Despite its effortless Victorian–chic ambience, Cardinal aims to make the kind of tea Queen Victoria drank accessible to the rest of us plebs by fostering a casual atmosphere. You don’t need reservations, mild manners or deep pockets to sip the Cardinal’s tasty brews. And that’s all well and good for most of us, but if you actually want the royal treatment, you go to the Ritz.

The Palm Court
The Palm Court

Since the Hotel St. James stopped its service in 2009, the Ritz became one of the city’s only destinations for deluxe afternoon tea (the other being the Fairmont/Queen Elizabeth Hotel). From 2010 to 2012, Montreal’s century-old Ritz-Carlton was restored to its former regal, neo-classical glory, recalling an era when three quarters of Canada’s wealth resided within a three-block radius of its walls.

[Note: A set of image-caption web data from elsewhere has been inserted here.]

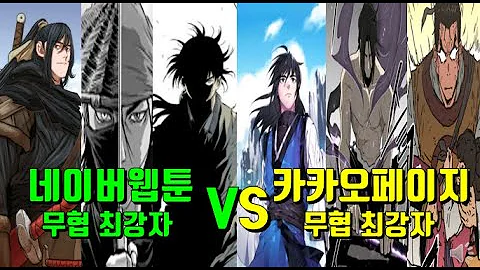 낙향문사전 텍본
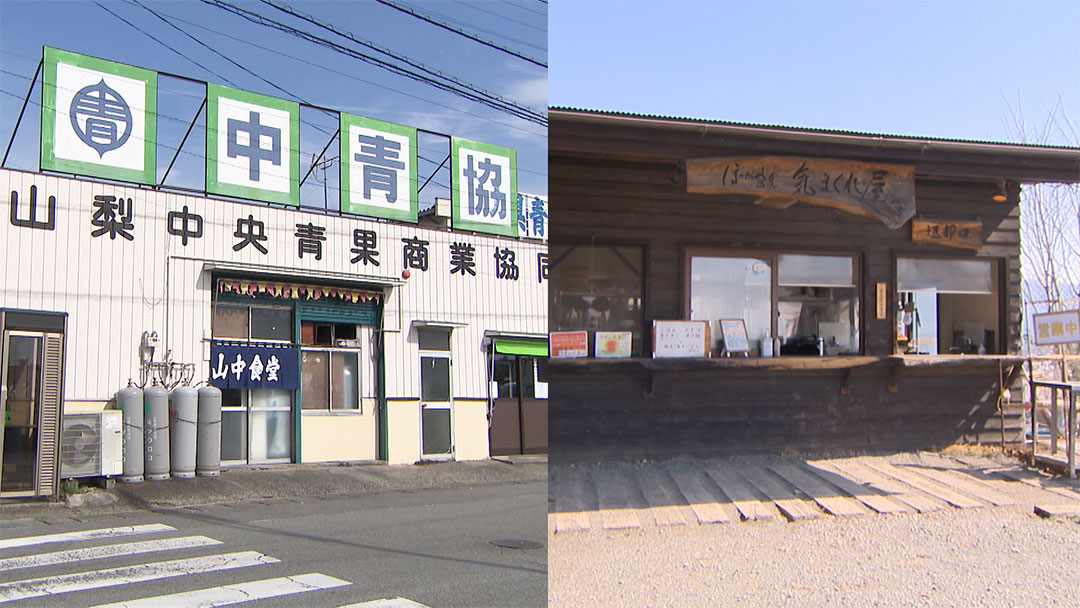 2023年4月30日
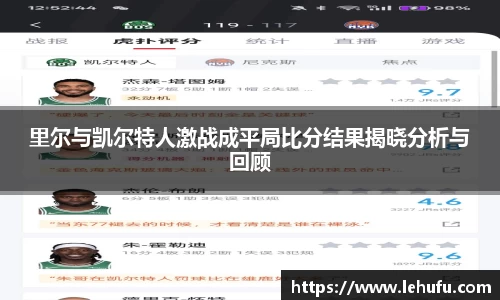 米兰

Much of the original façade, moldings and architecture have been maintained—a fact that is immediately evident upon entering the lobby’s Palm Court.

The Palm Court, an open room bedecked by softly lit chandeliers, an actual fireplace, and enough pastel velvet to make anyone feel like a queen, is the first thing you see as you walk through the Ritz’s gilded revolving doors. This is the room where Paul Giamatti’s fictional wedding receptions take place in the film Barney’s Version. It’s the room bordering the ballroom where Elizabeth Taylor and Richard Burton got married in 40 years ago. It’s the room that former Ritz-Carlton owners once sat above, sipping cognac, spying on the hotel’s new guests, who were among Canada’s richest. It’s a room that offers a rare glimpse into Montreal’s ghostly British history. Appropriately, this is the room where Afternoon Tea is served.

Though I fully appreciated the irony of partaking in such a British ceremony at the height of provincial-election season, I can hardly regret spending a late-March Saturday afternoon pretending to be a richer, better looking, more luxurious tea drinker than I actually am. Afternoon Tea at the Ritz is served in two sittings, at 1:30 and 4:30 p.m., beneath a ceiling of painted palms that turn the Palm Court’s pastel sophistication into a sort of elegant jungle. When I arrived for the 1:30 sitting, three couples had already been denied for not making a reservation (don’t make the same mistake if you plan on attending; their shame was palpable).

The goods
The goods

You can expect to pay about $80 for two, and that’s without champagne. The nosh includes an elegant silver platter of warm English scones, crustless sandwiches (including tomato, smoked salmon, cucumber and chicken), and about six of the most beautiful miniature pastries I’d ever seen. Did I mention clotted cream? In true British style, the scones come with both clotted cream and rose jelly.

The server assured me that all items on the menu are made in-hotel, something not all hotels offering tea service can boast of, especially those providing “Devonshire cream.” “We call it clotted cream on our menu because that’s what it is. We made it here—not in Devonshire,” our server reflected proudly.

Trust me, after that plate of refined deliciousness, the tea was hardly even the main event. However, the Ritz supplies a lengthy list of flavours, and each tea drinker receives their own English-style china teapot.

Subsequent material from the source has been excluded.